Высший философский интерес, в отличие от того, что является более строго психологическим, связан с модусом ментальной ассоциации, называемой Неразделимым. Слияние ментальных состояний, отмеченное Хартли, как предполагалось Беркли, было далее сформулировано Джеймсом Миллем в следующих терминах:
«Некоторые идеи по частоте и силе ассоциации настолько тесно связаны, что их невозможно разделить; если существует одна, то и другая существует вместе с ней, несмотря на все усилия, которые мы прикладываем, чтобы их разъединить» ( Анализ человеческого разума , 2-е изд., т. I, стр. 93).
Заявление Джона Стюарта Милля было более сдержанным и конкретным:
«Когда два явления очень часто переживались в сочетании и ни в одном отдельном случае не встречались по отдельности ни в опыте, ни в мыслях, между ними возникает то, что называется неразрывной или, что менее правильно, неразрывной ассоциацией; под этим не подразумевается, что ассоциация должна неизбежно сохраняться до конца жизни, что никакой последующий опыт или процесс мышления не может ее разрушить; но лишь то, что до тех пор, пока такой опыт или процесс мышления не имели места, ассоциация непреодолима; для нас невозможно мыслить одну вещь отдельно от другой». ( Исследование философии Гамильтона , 2-е изд., стр. 191)
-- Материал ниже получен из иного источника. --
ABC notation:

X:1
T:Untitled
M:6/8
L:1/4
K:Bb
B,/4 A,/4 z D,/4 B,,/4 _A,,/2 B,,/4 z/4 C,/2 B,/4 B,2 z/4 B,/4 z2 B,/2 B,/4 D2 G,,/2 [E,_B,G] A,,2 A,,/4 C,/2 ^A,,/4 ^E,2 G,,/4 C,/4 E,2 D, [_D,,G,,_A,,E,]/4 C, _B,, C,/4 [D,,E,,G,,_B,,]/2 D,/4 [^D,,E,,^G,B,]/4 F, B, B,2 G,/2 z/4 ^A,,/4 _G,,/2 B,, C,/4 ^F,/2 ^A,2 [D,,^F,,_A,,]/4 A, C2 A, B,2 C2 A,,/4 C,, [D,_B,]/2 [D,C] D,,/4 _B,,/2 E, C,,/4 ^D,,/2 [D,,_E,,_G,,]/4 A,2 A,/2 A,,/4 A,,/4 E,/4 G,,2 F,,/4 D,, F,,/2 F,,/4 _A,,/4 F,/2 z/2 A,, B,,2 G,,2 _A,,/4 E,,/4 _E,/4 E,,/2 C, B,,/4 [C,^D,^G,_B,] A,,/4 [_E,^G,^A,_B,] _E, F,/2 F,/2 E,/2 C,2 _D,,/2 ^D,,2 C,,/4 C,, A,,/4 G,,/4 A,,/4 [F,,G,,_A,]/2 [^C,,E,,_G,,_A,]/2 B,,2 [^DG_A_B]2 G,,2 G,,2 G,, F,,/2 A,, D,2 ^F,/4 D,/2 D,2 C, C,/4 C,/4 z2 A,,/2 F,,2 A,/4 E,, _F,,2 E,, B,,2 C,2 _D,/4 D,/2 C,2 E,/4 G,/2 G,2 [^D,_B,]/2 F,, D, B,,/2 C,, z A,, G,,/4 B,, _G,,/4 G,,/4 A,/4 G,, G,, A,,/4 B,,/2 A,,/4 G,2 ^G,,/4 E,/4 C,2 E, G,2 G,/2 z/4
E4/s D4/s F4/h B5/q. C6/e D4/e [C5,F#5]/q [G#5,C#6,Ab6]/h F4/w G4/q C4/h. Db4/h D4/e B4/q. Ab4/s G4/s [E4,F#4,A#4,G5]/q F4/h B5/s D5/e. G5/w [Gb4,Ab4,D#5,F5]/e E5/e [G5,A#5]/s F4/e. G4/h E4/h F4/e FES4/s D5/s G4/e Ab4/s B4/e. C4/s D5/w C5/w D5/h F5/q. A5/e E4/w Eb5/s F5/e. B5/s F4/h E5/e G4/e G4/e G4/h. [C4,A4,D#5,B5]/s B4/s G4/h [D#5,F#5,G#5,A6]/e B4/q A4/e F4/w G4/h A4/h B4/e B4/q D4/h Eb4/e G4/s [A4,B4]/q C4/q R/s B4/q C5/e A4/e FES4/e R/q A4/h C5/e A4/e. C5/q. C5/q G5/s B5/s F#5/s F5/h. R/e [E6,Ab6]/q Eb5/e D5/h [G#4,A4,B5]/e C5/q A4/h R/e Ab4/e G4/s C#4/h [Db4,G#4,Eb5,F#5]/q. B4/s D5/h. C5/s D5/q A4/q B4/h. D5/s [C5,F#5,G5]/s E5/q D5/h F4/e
Философское применение этого принципа было сделано главным образом Джоном Стюартом Миллем. Первое и наиболее очевидное применение — это так называемые необходимые истины, которые не являются просто аналитическими суждениями, а включают синтез отдельных понятий. Опять же, тот же мыслитель стремился доказать, что Неразделимая Ассоциация является основой веры во внешний объективный мир. Первое применение, в частности, облегчается, когда опыт, посредством которого ассоциация, как предполагается, конституируется, понимается как кумулятивный в расе и передаваемый как изначальное дарование индивидам — дарование, которое может быть выражено либо субъективно, как скрытый интеллект, либо объективно, как фиксированные нервные связи. Спенсер, как предполагалось ранее, является автором этого расширенного взгляда на ментальную ассоциацию. [2]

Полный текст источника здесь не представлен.